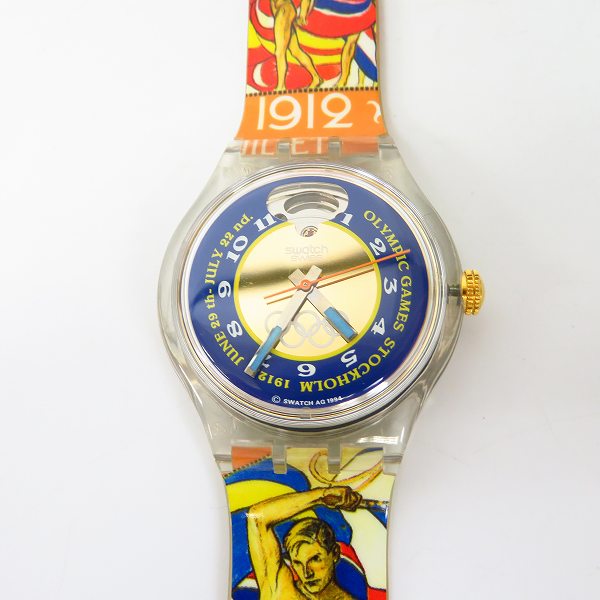 SWATCH/スウォッチ 自動巻き 96 アトランタオリンピック/92 EARTH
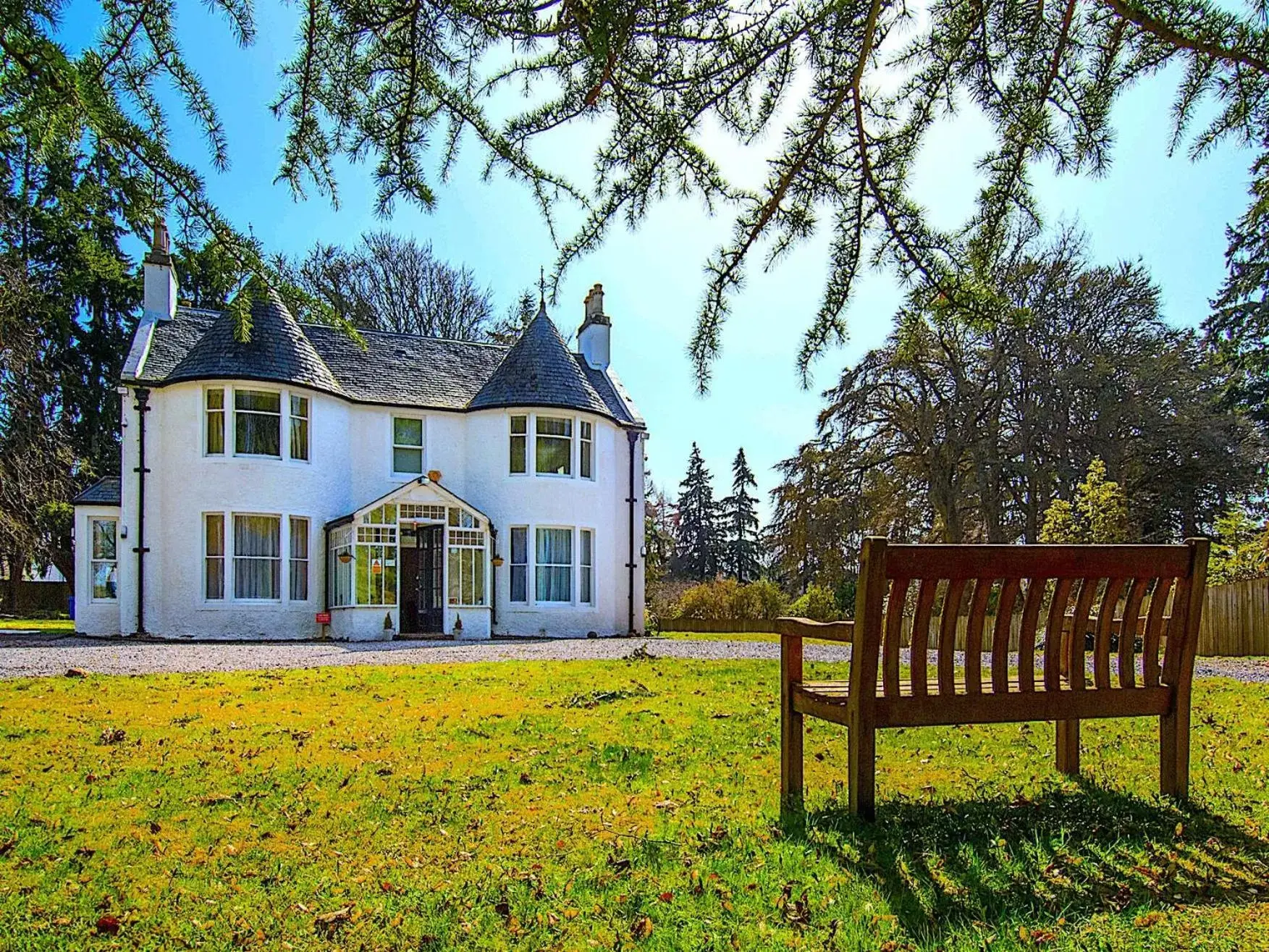 Property building in Drumdevan Country House, Inverness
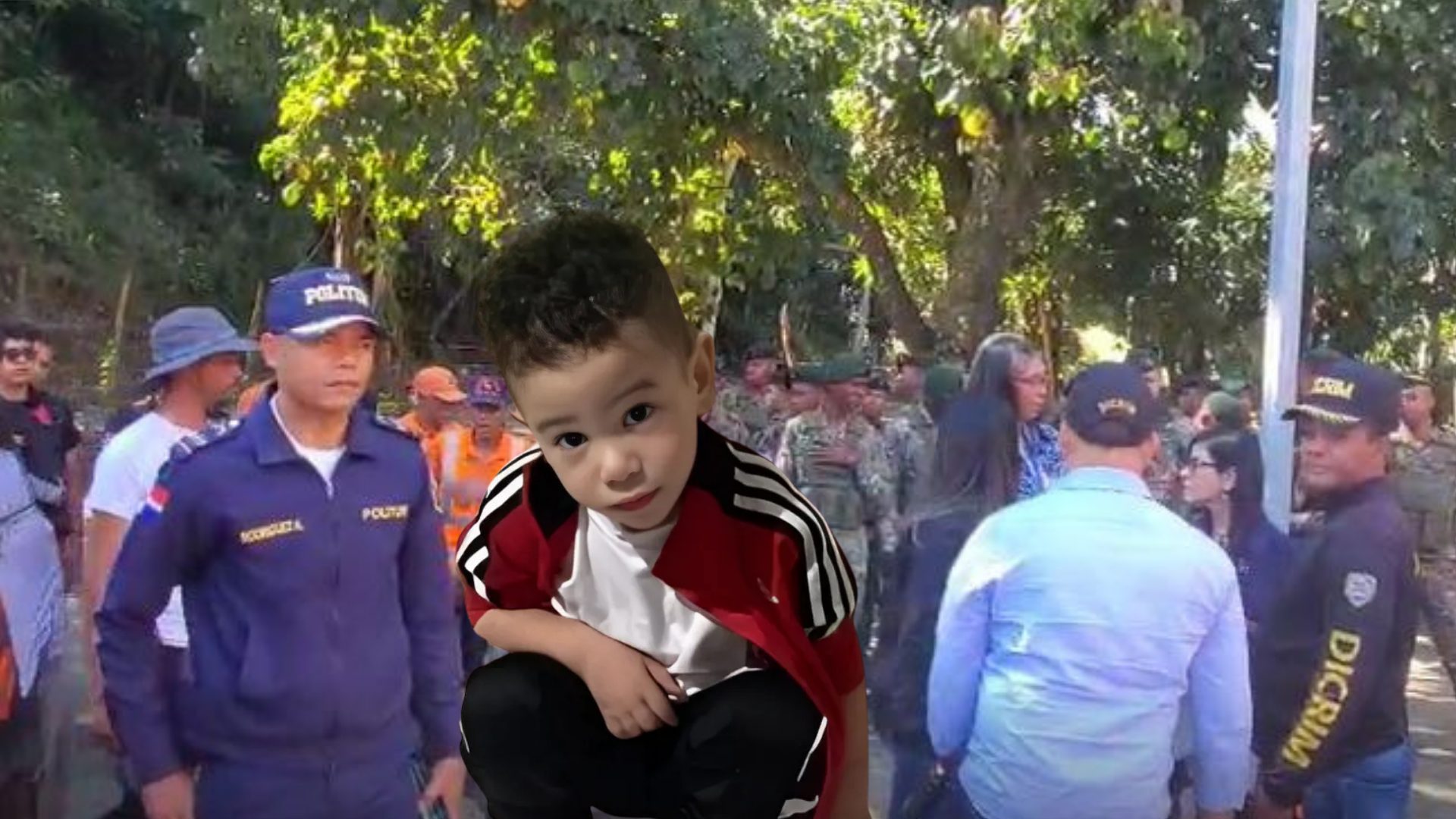 VIDEO: Cambian de dirección en la búsqueda del niño Ronaldy Calderón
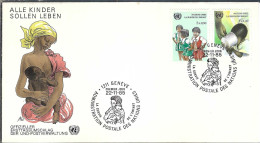 NATIONS UNIES Genève (Suisse) Ca.1985: FDC - FDC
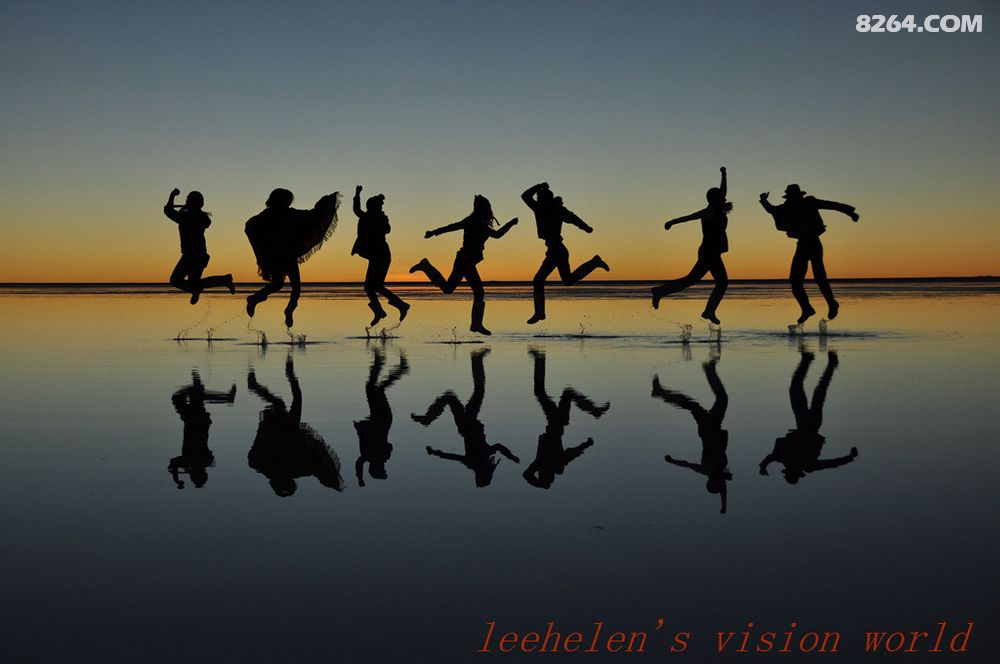 玻利维亚乌尤尼盐湖,我的天空之镜 - 走出国门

---*---

WHAT YOU ARE ASKED TO DO => Copy exactly the lines from the line that has "VIDEO: Cambian de" through the last line of the entries above, inclusive, and no others. Pictures do not go in the copy.

OUTPUT FOR THIS EXERCISE =>
 VIDEO: Cambian de dirección en la búsqueda del niño Ronaldy Calderón
 NATIONS UNIES Genève (Suisse) Ca.1985: FDC - FDC
 玻利维亚乌尤尼盐湖,我的天空之镜 - 走出国门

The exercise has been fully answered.